All sorts of folk were streaming out of Europe, the “old world”, into the “new world” and all of them had something to offer the “new world”, cause a cup of coffee, a hunk of bread, lay it on to a new mercy, building a skyscraper, above water, upon which a

Injun, even a fat one, goes back one, into a cup of coffee, a bowl of tobacco, fashioned into one part smoke to the sky– one part smoked to the lung. One part dragged, so recently a fetus, now a new day.

Injuns.

Here I refer to,

“I was asking for something specific and perfect for my city,
Whereupon lo! upsprang the aboriginal name.”

The aboriginal name to which is referred, by Walt Whitman, is Mannahatta, Injun talk. Manhattan is a word, surprisingly, a name, given us by Injuns. And here we thought the only worda an Injun knew how to say/speak/express was “Ugh”. That’s what Alex Jones opines. He got it from the Walt Disney movie Peter Pan, featuring, amazingly, a few Injun scenes (as well as many more pirate scenes).

Walt Whitman– I’d call him a political scientist, in the sense science has no method, meaning its contribution to poetry should be unlimited, magic, and, yes– electrical!

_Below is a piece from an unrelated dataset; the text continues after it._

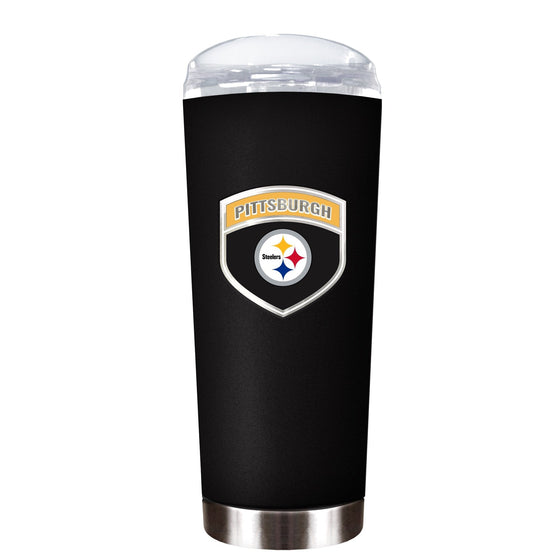 Pittsburgh Steelers 18 oz. ROADIE Tumbler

Walt (Whitman, not Disney, for the time being) envisions himself part of a throng, a teaming mass, (a very redolent nonreductive democratic wannabe term), a fandango, a love of beauty, where you find it, same as gold, emboldened. He says, “I was asking for something specific and perfect for my city,” which means Walt Whitman, seeing this glorious, teaming mass, of so much potentia, democratic potentia, needs Walt’s specific contribution, which requires being perfect.

This perfection requires the aboriginal name, which certainly will upsprang. Lordy, am I glad Walt Whitman says this: he nailed it.